═══ INPUT DATA
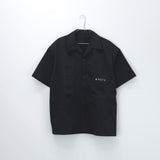 NISHIMOTO IS THE MOUTH LOGO NYLON SHIRTS NIM-W1SH BLACK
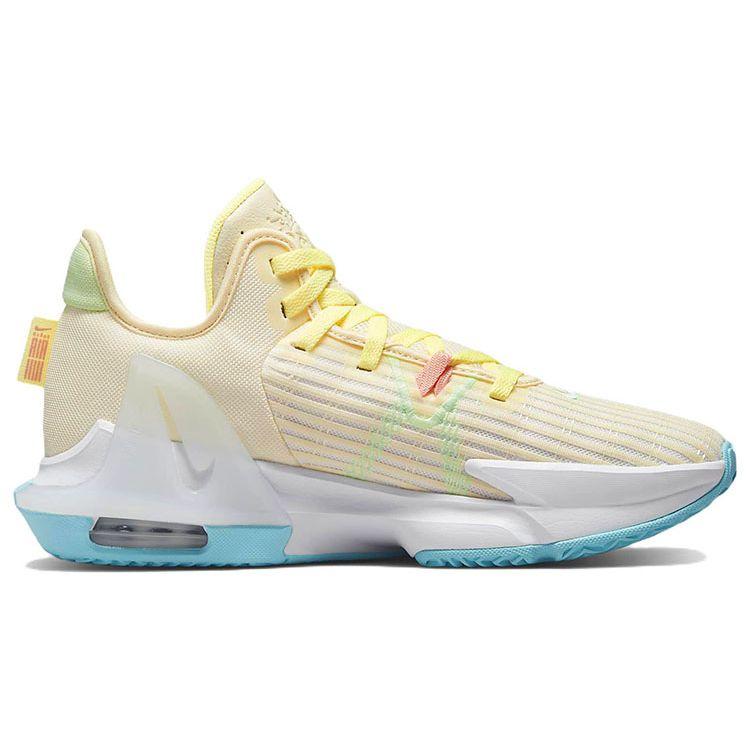 Nike LeBron Witness 6 Пасхальные мужские кроссовки Желтый кокосово-молочный пар-зеленый CZ4052-103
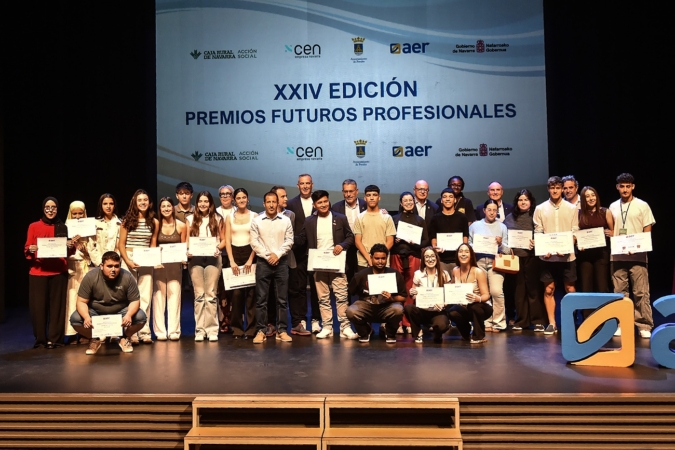 Los jóvenes navarros que han triunfado en los Premios Futuros Profesionales de AER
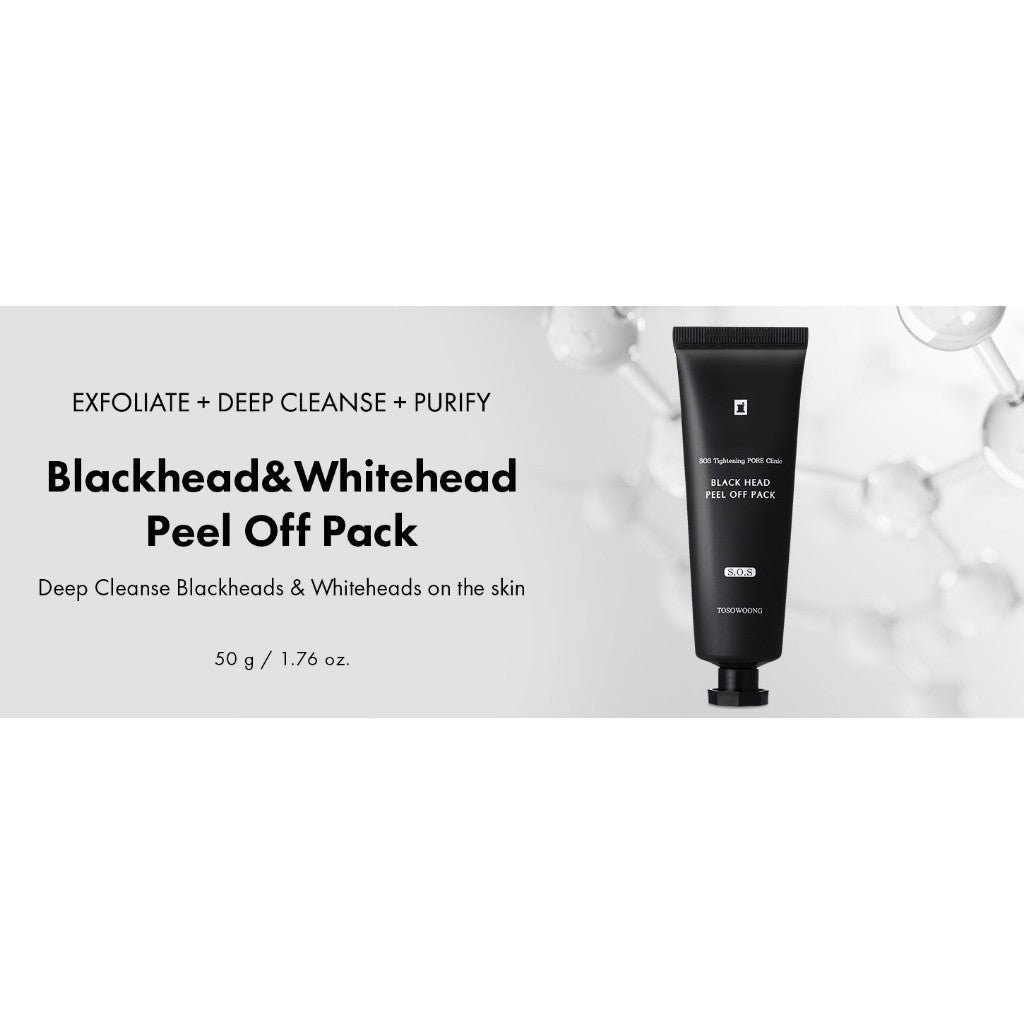 TOSOWOONG Black Head Peel Off Pack 50g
══════
__TASK TO CARRY OUT__:
Word for word, reproduce the listing above; no image should be carried over.

__ANSWER SPACE__:
 NISHIMOTO IS THE MOUTH LOGO NYLON SHIRTS NIM-W1SH BLACK
 Nike LeBron Witness 6 Пасхальные мужские кроссовки Желтый кокосово-молочный пар-зеленый CZ4052-103
 Los jóvenes navarros que han triunfado en los Premios Futuros Profesionales de AER
 TOSOWOONG Black Head Peel Off Pack 50g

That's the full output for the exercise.